## Entries provided
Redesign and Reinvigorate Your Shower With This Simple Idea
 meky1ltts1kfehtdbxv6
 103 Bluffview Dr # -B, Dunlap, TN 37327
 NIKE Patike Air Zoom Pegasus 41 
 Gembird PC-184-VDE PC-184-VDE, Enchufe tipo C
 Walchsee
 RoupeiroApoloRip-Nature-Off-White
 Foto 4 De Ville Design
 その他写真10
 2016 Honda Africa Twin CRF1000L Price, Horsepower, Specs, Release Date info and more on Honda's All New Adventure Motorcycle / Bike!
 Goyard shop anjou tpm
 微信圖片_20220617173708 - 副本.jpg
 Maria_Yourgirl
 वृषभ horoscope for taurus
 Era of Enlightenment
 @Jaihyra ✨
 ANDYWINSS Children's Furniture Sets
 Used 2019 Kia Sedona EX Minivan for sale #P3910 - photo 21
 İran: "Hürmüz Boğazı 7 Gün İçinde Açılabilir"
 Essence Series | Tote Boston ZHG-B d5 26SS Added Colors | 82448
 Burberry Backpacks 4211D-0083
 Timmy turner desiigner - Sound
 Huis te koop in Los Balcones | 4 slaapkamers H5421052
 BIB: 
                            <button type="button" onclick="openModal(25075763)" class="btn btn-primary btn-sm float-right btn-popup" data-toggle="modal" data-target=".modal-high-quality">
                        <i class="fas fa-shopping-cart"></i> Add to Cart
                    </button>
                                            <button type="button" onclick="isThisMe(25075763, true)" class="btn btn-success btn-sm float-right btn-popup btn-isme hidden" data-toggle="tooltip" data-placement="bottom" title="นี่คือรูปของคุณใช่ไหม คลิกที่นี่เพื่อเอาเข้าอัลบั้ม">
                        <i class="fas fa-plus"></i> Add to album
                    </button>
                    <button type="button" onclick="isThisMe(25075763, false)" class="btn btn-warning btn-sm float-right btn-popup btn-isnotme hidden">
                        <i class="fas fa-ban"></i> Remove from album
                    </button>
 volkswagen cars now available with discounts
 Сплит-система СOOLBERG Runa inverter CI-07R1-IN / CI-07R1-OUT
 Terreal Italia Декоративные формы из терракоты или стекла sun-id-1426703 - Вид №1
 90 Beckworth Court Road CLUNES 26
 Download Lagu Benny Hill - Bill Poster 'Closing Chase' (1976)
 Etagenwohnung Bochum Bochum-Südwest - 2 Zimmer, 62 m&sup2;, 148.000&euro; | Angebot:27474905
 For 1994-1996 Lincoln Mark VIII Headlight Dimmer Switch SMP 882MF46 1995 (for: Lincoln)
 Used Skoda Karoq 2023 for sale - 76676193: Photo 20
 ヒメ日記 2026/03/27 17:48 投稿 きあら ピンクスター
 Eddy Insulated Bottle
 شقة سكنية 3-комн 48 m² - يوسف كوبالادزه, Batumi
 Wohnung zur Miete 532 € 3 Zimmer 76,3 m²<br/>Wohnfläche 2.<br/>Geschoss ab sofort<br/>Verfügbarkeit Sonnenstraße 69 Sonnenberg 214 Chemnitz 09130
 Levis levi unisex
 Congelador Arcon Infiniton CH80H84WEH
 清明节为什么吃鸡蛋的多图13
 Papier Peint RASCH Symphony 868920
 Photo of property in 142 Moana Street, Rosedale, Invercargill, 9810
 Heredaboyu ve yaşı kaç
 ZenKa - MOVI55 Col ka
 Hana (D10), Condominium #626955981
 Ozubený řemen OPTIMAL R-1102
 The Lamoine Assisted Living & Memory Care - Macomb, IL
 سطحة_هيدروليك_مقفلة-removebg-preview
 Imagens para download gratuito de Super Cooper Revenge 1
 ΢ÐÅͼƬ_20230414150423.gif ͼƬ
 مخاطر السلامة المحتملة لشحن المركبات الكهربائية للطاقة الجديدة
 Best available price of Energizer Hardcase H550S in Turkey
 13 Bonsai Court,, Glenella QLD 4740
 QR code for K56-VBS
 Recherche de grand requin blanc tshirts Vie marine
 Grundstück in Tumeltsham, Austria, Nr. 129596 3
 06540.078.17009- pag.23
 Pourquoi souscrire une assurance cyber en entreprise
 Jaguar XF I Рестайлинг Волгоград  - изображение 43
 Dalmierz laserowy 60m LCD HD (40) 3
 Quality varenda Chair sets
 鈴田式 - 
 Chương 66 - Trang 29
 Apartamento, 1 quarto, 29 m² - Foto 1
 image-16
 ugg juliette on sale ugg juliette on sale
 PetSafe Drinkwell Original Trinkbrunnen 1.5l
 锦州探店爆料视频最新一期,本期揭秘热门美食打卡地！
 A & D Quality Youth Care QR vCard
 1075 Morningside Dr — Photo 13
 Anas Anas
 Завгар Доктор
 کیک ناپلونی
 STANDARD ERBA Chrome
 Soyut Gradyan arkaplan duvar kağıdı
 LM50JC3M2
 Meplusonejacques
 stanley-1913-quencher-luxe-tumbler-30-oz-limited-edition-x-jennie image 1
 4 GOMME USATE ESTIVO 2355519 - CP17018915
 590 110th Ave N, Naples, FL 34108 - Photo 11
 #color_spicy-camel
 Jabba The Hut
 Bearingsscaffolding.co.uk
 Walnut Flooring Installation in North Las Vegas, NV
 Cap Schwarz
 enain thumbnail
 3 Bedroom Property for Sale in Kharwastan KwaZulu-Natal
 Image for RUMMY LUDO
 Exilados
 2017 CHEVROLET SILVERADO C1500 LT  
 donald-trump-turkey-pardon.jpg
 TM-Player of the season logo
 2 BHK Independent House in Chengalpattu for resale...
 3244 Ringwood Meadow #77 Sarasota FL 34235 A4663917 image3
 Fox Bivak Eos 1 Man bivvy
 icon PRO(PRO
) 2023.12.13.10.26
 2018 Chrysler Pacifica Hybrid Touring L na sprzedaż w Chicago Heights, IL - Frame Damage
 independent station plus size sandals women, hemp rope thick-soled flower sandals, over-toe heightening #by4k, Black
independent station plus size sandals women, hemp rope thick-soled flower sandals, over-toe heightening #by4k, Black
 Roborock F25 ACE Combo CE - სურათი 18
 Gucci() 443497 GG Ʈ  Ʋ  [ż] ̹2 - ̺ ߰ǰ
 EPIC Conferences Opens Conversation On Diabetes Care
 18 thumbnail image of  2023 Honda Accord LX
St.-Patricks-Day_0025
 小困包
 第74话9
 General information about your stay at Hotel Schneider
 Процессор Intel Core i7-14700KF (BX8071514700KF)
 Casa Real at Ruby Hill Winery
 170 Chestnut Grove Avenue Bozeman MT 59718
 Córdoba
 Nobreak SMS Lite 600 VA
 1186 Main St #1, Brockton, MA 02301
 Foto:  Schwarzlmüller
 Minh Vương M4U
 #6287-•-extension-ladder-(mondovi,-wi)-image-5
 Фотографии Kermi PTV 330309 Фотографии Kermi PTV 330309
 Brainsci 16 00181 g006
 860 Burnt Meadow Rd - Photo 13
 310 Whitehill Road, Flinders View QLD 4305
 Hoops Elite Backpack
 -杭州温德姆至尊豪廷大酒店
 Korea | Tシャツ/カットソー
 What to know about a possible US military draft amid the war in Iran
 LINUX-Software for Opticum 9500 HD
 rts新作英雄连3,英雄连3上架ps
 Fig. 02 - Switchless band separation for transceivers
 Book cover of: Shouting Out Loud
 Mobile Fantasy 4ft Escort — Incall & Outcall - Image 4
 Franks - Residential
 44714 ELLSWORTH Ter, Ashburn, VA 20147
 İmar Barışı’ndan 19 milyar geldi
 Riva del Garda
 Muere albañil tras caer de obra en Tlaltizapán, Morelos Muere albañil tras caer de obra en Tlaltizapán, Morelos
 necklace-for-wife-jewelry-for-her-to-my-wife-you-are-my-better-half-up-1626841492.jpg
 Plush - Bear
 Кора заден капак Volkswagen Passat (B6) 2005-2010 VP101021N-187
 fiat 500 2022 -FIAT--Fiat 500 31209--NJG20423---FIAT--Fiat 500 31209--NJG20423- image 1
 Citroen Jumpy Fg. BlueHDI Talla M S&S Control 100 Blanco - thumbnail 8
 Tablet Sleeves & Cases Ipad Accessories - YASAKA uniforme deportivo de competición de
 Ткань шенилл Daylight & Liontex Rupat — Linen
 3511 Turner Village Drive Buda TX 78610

## What is needed
Beginning with the line holding "Jaguar XF I" and ending with the line holding "Meplusonejacques", write out the stretch of material above exactly; add no further lines.

## Response to this exercise
 Jaguar XF I Рестайлинг Волгоград  - изображение 43
 Dalmierz laserowy 60m LCD HD (40) 3
 Quality varenda Chair sets
 鈴田式 - 
 Chương 66 - Trang 29
 Apartamento, 1 quarto, 29 m² - Foto 1
 image-16
 ugg juliette on sale ugg juliette on sale
 PetSafe Drinkwell Original Trinkbrunnen 1.5l
 锦州探店爆料视频最新一期,本期揭秘热门美食打卡地！
 A & D Quality Youth Care QR vCard
 1075 Morningside Dr — Photo 13
 Anas Anas
 Завгар Доктор
 کیک ناپلونی
 STANDARD ERBA Chrome
 Soyut Gradyan arkaplan duvar kağıdı
 LM50JC3M2
 Meplusonejacques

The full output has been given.